Die Berichterstatterin oder der Berichterstatter setzt den Schwerpunkt ihrer/seiner Arbeit selbst. Die Chronik ist in der Regel ein Schriftstück, sie kann aber auch als Film, Präsentation oder Bilderserie aufgearbeitet werden. Auch der Briefstil, Gedichte und humorvolle Passagen sind erlaubt. Ebenso darf kommentiert und gewertet werden. «Mit dieser Vorgehensweise entsteht Jahr für Jahr ein einmaliges, unverwechselbares Stück zusammengefasste Geschichte», heisst es dazu seitens der Museumsgesellschaft. Wurden ursprünglich ausschliesslich Geschichten aus Bütschwil notiert, so gehören seit der Fusion 2013 auch Ereignisse aus Ganterschwil dazu.
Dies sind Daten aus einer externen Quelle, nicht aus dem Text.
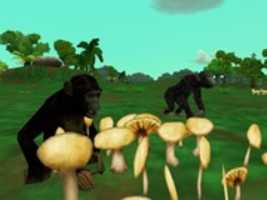 Free download DreamZoo2 - Bonobo (Makaio) free photo or picture to be edited with GIMP online image editor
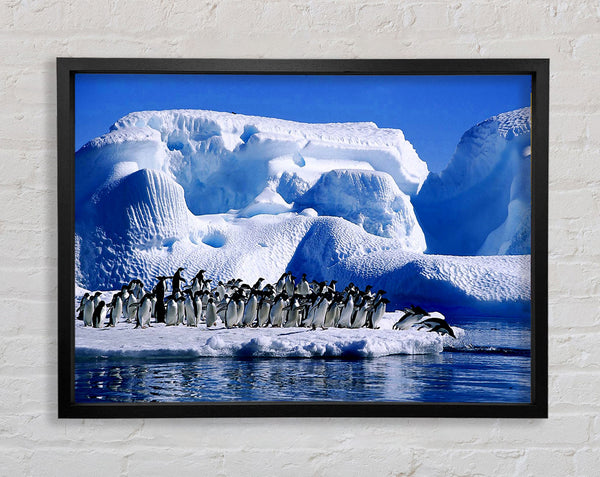 Erster Tauchgang der Pinguine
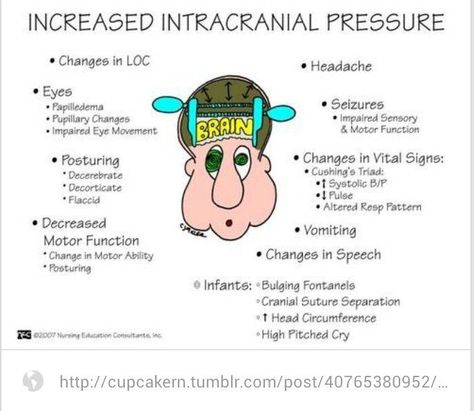 Increased intracranial pressure ~ signs and symptoms Nursing Neuro, Cushing Triad, Np School, Nurse Things, Paramedic School, Nurse Study, Intracranial Pressure, Lpn Schools, Nursing Mnemonics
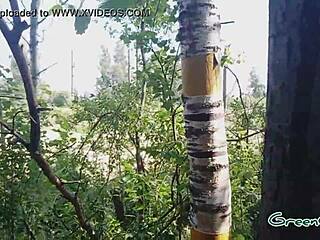 quick blow job in the woods behind the parking lot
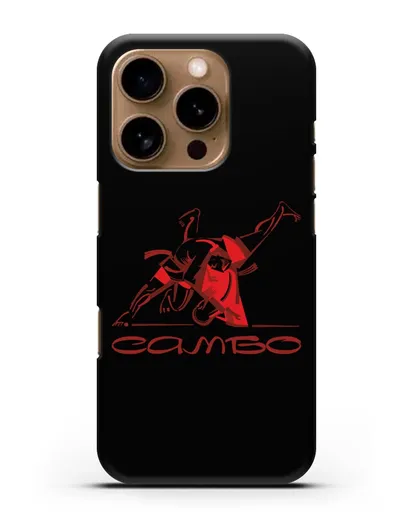 Чехол с иллюстрацией Самбо силиконовый для iPhone 16 Pro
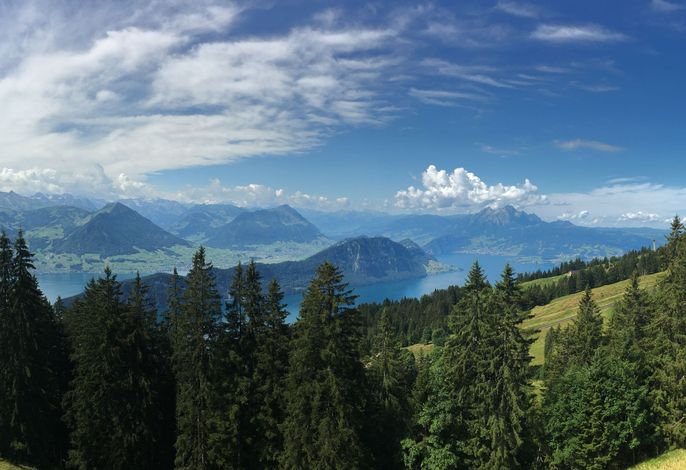 Bild 18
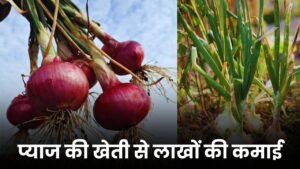 प्याज की खेती से लाखों की कमाई: जानिए नर्सरी, लागत, उत्पादन और मुनाफे का पूरा गणित प्याज की खेती से लाखों की कमाई: जानिए नर्सरी, लागत, उत्पादन और मुनाफे का पूरा गणित
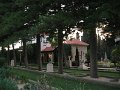 IMG_1251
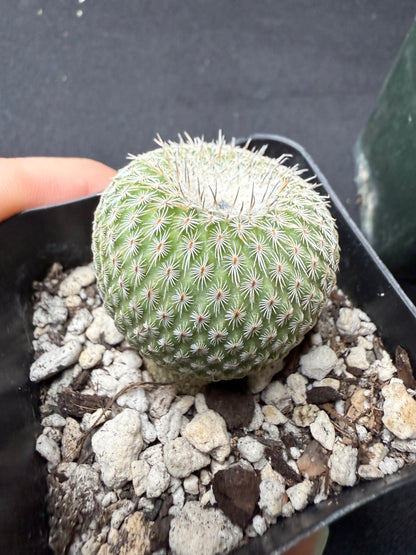 Epithelantha unguispina rare 740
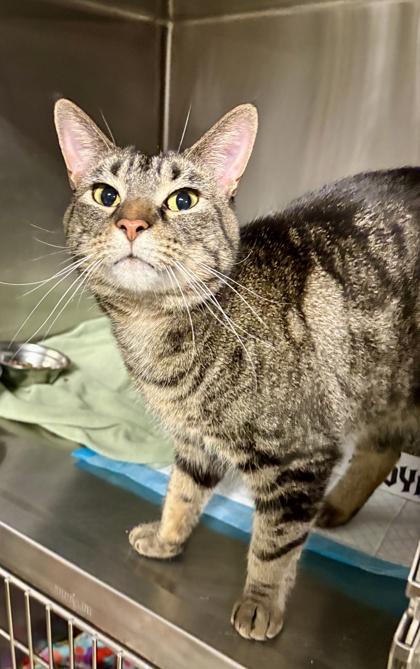 Winona, Adoptable, Adult Female Domestic Short Hair.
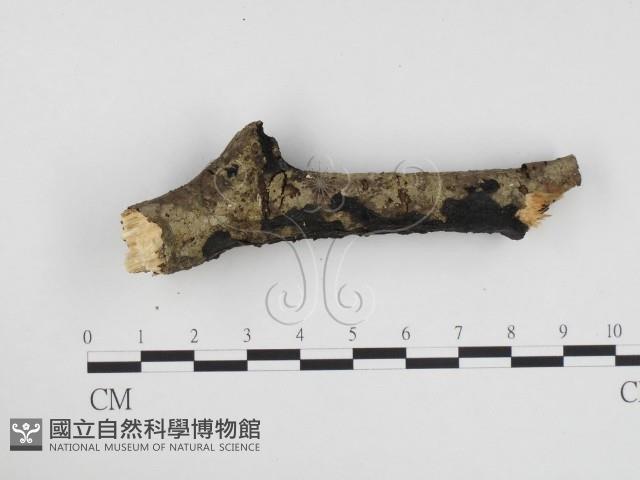 登錄號:F0024368藏品圖，第1張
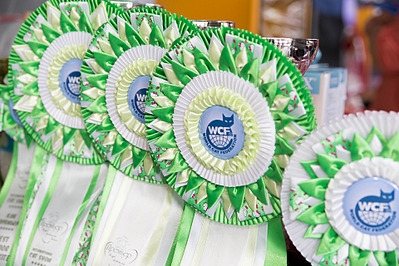 click for enlarge 1920 X 1280 722.0 Kb picture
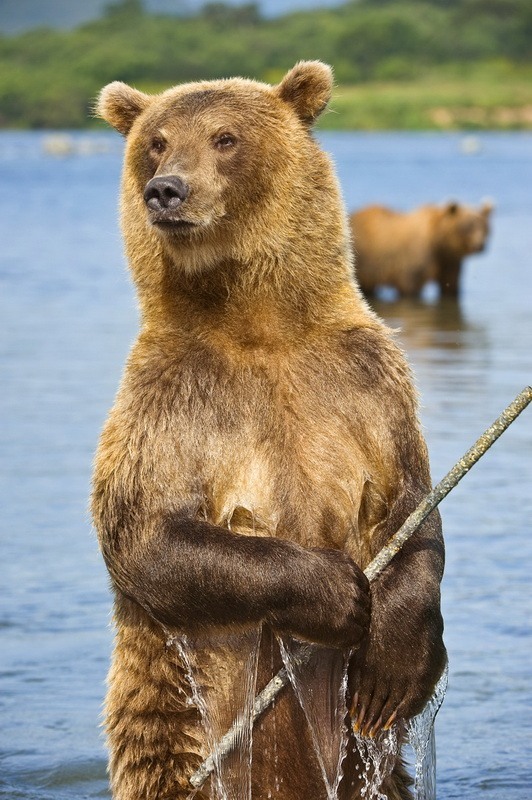 Фотография: Медведи на Камчатке №9 - BigPicture.ru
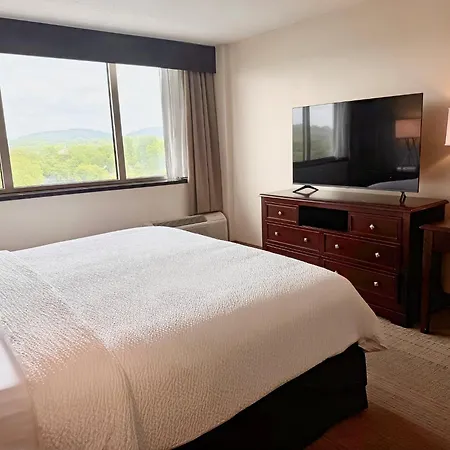 Holiday Inn Birmingham-Airport By Ihg-2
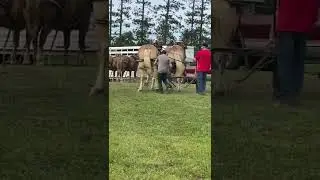 A great pull for Sid&rsquo;s team #horses #pulls #shorts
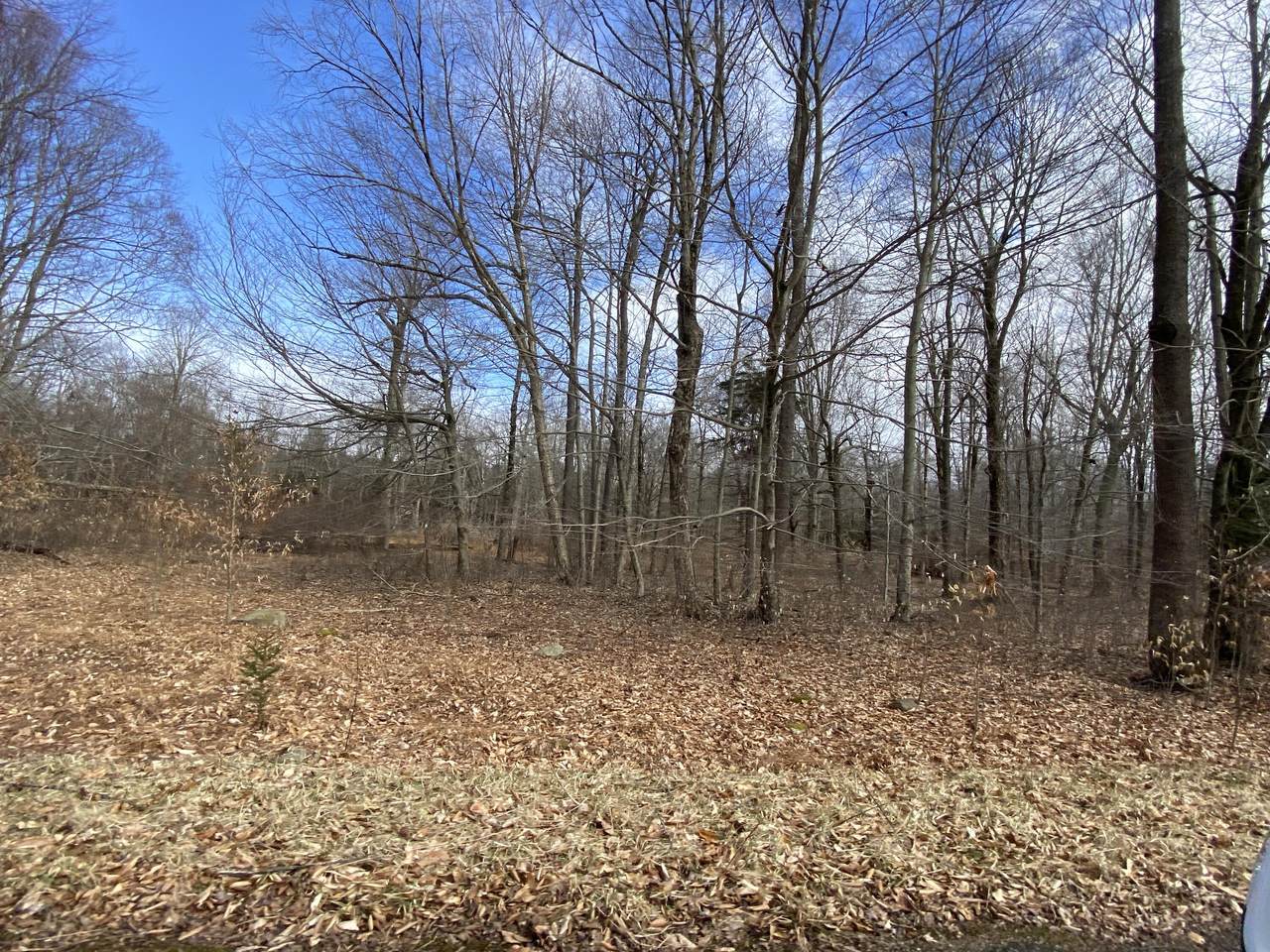 https://bt-photos.global.ssl.fastly.net/pocono/1280_boomver_2_PM-130278-2.jpg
Die Dorf- und Gemeindechronik ist ein Erbe der Monatsgesellschaft Bütschwil, die 2002 aufgelöst wurde. Seit der Eingliederung des Vereins in die Museumsgesellschaft Bütschwil obliegt es deren Vorstand, jährlich die 1934 von der Monatsgesellschaft ins Leben gerufene Chronik herauszugeben. Die Chronikbeauftragte Margrit Scherrer muss daher jedes Jahr jemanden aus der Gemeinde finden, der dieses Amt übernimmt. Es ist auch möglich, sich freiwillig als Chronistin oder Chronist bei der Museumsgesellschaft Bütschwil zu melden.

Aufbewahrt werden die Chroniken im Kulturgüterschutzraum der Gemeinde Bütschwil-Ganterschwil. (aru/pd)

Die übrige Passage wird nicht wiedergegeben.